Captioned web image data
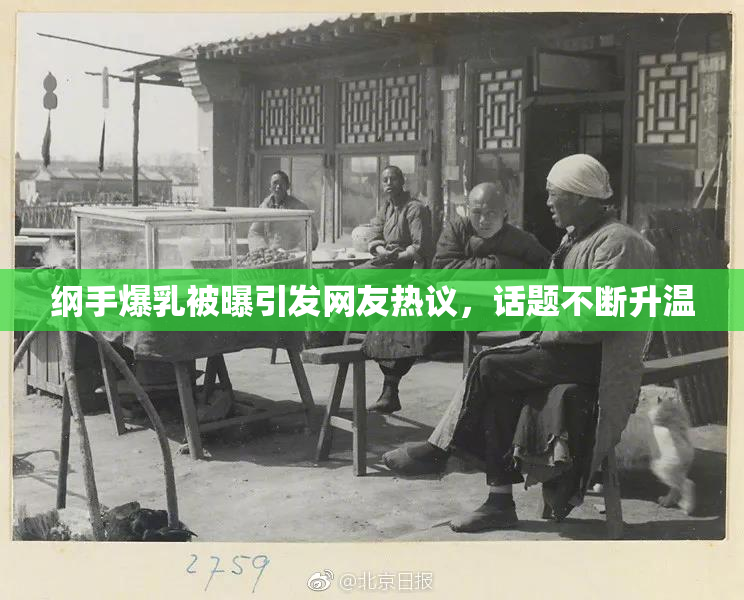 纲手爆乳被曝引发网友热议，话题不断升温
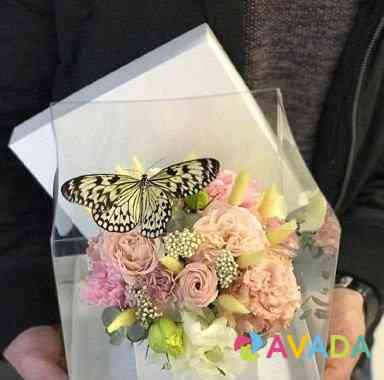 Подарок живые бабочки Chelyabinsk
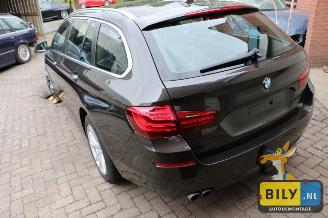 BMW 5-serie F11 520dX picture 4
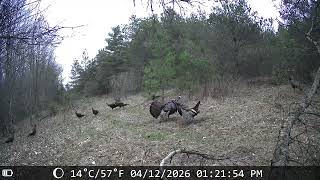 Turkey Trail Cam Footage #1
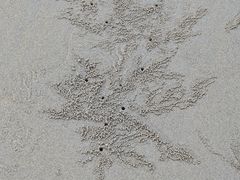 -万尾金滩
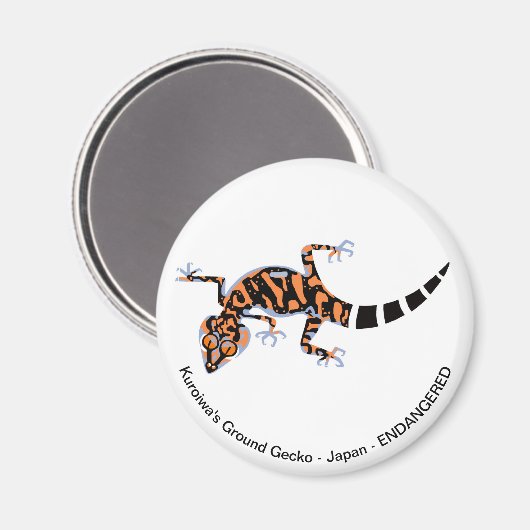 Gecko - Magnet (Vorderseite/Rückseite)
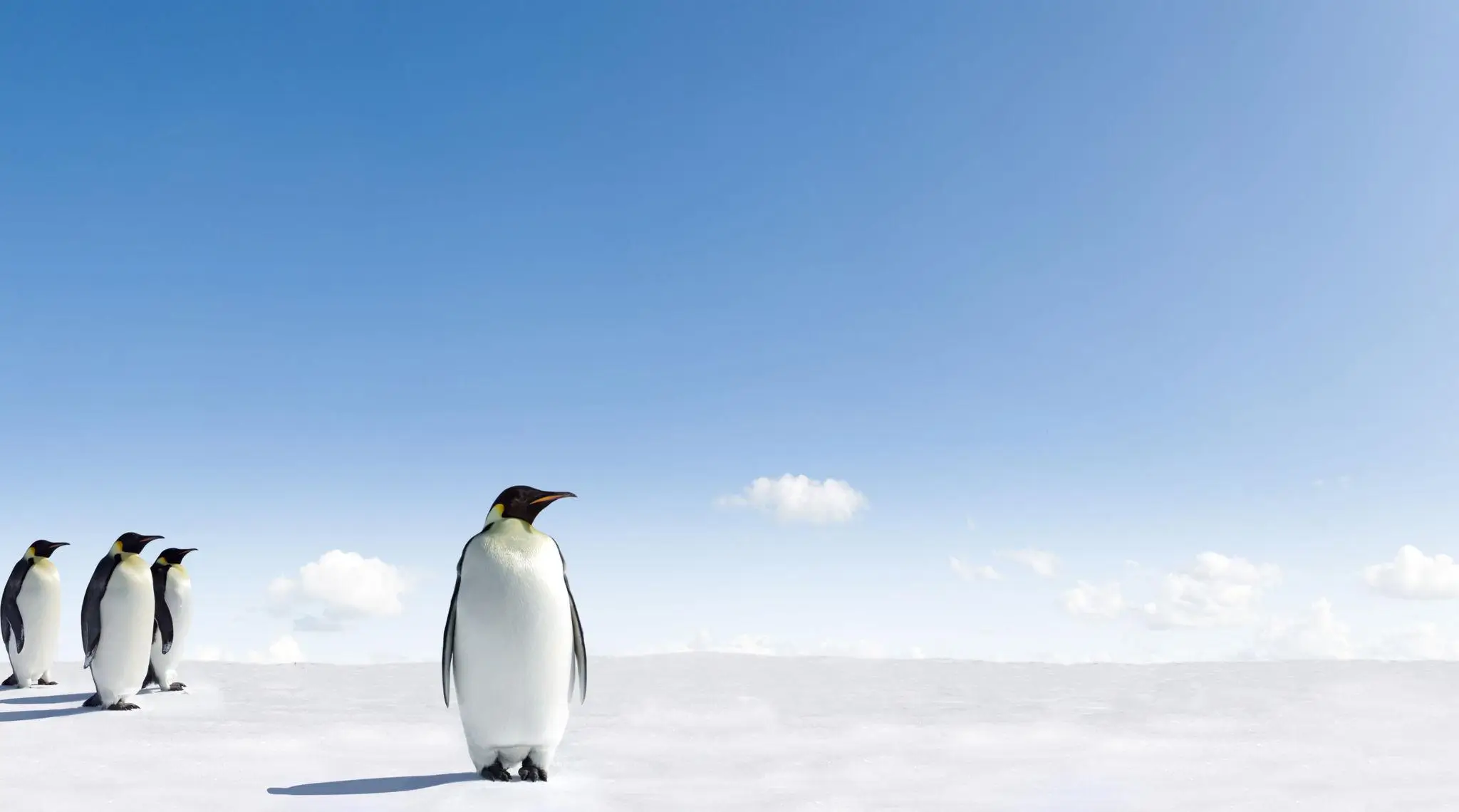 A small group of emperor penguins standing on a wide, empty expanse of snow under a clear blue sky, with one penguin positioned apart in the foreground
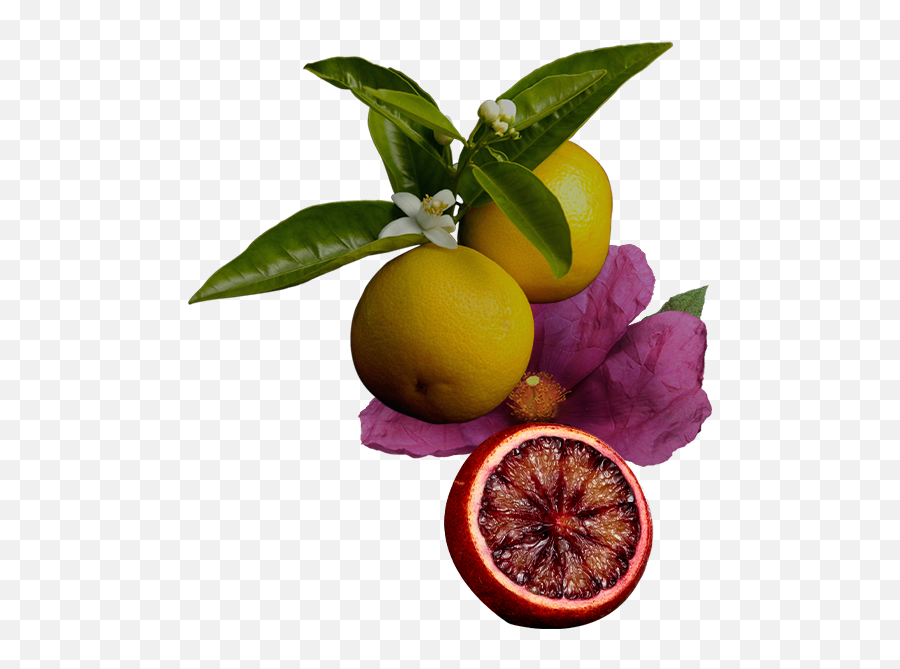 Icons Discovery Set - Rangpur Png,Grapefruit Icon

DIRECTIONS FOR THIS TASK — Once the line containing "Turkey Trail Cam Footage #1" is found in the records above, it and every line after it up to the last must be repeated exactly, without pictures.

EXERCISE RESPONSE —
 Turkey Trail Cam Footage #1
 -万尾金滩
 Gecko - Magnet (Vorderseite/Rückseite)
 A small group of emperor penguins standing on a wide, empty expanse of snow under a clear blue sky, with one penguin positioned apart in the foreground
 Icons Discovery Set - Rangpur Png,Grapefruit Icon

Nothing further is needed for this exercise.